Suncoast Black Arts Collaborative Panel Explores Black Identity in the Arts

Three artists talked recently about their struggles and hopes in the art world as people of color.

By Kay Kipling May 2, 2022


Gregory Rumph II's Aunt Sara took second place in the recent Visions in Black exhibit at Art Center Sarasota. He spoke last week at a panel for Suncoast Black Arts Collaborative.

A recent panel presented by the Suncoast Black Arts Collaborative provided some insights into the work of three Black artists, all of whom shared their stories of creating and striving to succeed.

“Black Identity in the Arts: Generational Perspectives” followed up a juried exhibition that took place at Art Center Sarasota that aimed to show work made by both emerging and more established Black artists. The panel, held on the Ringling College of Art and Design campus, shed light on the struggles three of the artists in that exhibit have faced, and their hopes for improving access to opportunities for artists and for art lovers to see and acquire their work.

Public art consultant Sheila McKoy moderated the discussion, which welcomed artist and educational administrator Greg Rumph II, artist, labor activist and art educator Krystle Lemonias, and about-to-graduate Ringling College senior Kiron Binsworth Robinson.

Among the issues discussed: Is there something of a renaissance in the works for Black artists right now?

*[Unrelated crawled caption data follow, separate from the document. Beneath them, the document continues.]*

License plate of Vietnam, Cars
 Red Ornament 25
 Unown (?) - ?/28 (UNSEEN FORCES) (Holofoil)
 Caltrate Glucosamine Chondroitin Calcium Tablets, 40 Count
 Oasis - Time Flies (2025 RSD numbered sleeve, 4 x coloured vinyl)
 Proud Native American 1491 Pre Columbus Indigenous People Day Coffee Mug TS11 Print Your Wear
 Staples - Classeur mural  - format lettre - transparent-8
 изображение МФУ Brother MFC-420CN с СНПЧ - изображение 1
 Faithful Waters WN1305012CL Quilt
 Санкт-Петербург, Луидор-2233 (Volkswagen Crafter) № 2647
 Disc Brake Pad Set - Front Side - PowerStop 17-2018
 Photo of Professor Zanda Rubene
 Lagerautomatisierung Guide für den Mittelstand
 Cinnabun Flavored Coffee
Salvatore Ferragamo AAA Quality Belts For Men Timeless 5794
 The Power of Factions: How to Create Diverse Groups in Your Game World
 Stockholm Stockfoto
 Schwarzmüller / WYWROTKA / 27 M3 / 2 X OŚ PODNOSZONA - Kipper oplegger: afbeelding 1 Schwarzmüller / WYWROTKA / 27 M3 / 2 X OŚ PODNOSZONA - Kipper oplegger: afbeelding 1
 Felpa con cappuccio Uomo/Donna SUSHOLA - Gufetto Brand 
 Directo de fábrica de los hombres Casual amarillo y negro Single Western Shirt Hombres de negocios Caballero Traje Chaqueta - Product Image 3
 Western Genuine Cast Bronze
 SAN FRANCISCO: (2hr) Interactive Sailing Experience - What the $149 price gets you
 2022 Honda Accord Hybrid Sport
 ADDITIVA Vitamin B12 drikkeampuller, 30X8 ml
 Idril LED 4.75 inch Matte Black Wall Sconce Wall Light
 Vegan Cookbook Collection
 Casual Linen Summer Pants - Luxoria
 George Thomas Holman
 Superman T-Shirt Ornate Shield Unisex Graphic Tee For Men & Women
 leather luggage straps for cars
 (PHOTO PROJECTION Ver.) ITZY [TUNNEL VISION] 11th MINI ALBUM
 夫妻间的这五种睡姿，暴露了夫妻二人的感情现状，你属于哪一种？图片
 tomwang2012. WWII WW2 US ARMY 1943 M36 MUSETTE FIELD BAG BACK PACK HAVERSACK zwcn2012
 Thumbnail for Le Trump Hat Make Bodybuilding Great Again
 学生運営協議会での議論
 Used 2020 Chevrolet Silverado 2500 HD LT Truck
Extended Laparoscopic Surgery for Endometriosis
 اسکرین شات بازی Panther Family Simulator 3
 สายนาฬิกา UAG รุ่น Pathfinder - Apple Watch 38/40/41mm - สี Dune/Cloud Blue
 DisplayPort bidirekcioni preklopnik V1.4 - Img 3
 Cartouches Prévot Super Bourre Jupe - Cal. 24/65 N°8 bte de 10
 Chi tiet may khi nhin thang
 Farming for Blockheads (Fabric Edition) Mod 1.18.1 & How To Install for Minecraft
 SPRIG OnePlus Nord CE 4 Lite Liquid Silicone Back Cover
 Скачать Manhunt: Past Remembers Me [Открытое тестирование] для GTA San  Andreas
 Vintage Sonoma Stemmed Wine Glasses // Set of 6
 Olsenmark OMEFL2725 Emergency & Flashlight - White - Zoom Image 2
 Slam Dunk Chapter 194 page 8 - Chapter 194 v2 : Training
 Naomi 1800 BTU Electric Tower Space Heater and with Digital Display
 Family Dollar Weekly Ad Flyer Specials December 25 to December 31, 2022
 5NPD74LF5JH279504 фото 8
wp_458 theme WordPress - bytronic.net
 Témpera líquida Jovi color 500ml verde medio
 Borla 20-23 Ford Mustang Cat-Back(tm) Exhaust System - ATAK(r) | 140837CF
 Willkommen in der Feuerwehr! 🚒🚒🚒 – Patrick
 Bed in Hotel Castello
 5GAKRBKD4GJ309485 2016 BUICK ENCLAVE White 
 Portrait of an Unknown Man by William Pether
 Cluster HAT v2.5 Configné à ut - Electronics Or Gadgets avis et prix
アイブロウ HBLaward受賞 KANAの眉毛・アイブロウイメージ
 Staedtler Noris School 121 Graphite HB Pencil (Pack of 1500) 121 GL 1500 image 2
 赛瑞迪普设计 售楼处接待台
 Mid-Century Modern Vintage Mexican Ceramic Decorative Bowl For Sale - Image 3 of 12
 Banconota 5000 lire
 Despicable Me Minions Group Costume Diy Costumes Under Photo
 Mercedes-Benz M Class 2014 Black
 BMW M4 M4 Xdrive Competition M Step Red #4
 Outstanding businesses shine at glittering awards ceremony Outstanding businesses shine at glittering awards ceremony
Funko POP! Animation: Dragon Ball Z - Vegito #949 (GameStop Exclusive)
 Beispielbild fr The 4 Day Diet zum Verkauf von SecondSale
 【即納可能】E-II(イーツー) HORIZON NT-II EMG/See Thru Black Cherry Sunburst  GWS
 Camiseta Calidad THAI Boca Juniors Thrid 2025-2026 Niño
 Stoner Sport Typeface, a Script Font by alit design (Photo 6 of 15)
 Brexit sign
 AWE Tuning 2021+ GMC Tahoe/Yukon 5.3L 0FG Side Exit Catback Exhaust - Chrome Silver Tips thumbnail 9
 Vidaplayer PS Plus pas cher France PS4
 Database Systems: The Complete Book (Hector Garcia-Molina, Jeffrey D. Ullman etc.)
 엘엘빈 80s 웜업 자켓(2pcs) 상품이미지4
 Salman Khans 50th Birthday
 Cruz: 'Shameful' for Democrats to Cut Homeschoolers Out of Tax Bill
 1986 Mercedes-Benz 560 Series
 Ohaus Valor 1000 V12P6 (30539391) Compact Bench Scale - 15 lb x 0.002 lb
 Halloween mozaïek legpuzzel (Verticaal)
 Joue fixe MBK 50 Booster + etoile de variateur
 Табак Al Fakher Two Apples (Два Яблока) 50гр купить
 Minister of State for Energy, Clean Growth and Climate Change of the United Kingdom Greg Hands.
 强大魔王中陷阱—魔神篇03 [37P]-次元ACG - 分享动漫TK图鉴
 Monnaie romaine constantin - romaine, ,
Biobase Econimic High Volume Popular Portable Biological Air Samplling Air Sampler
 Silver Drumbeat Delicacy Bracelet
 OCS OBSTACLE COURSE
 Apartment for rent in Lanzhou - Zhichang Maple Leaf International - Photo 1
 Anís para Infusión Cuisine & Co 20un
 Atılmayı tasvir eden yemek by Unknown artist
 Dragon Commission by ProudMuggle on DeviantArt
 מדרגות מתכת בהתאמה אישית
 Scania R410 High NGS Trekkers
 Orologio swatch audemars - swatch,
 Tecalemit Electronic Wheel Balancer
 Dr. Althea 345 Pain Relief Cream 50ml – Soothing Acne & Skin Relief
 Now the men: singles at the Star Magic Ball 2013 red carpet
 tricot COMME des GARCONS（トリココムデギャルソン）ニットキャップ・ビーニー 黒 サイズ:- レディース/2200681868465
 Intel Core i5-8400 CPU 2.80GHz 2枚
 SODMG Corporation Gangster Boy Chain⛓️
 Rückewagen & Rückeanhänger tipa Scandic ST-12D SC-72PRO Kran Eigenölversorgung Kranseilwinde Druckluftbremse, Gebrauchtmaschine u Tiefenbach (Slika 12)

Lemonias stressed that the Black Lives Matter movement has helped to galvanize the showing of work by Black artists, but added that they have always been making art—it’s just receiving more attention now. Rumph explained that, along with current events, social media and musicians have played a role. “Hip-hop made it cool for Black artists’ work to be seen,” he said. And the chance for artists to market their art on social media is “unsurpassed” at the moment.

All the artists mentioned their debts to predecessors of earlier generations of artists, and touched on their hope that the current trend of Black art receiving more attention is sustainable. And all also related their feelings of sometimes being isolated when attending college or grad school, being among very few other students of color. Lemonias, a fine arts master’s candidate at the University of South Florida and a native of Jamaica, said, “I don’t see faculty or grad students that look like me. But outside that space, when I engage with institutions through dialogues and exhibitions, that’s when it’s diverse.” All the panelists agreed that the industries they work in, at large, will be more diverse than their educational experiences have been.

The artists also spoke about the artists that have influenced them (ranging from Gustav Klimt to Anish Kapoor to Jean-Michel Basquiat), their need to both “tell stories” and make enough money to eat, and how they are often initially perceived individually in communities where they may not be what others expected. Robinson talked about a sort of discrepancy between the way he looks (he is of Jamaican, Cuban and Chinese ancestry) and the way he talks (“very white,” as he put it). As Lemonias said, “In my case, I’m constantly being underestimated. There’s all this knowledge people of color are not privy to” when it comes to making their way through arts school, opportunities for funding and more.

Kiron Binsworth Robinson's You've Become won an honorable mention at the Art Center show. He also spoke at last week's panel.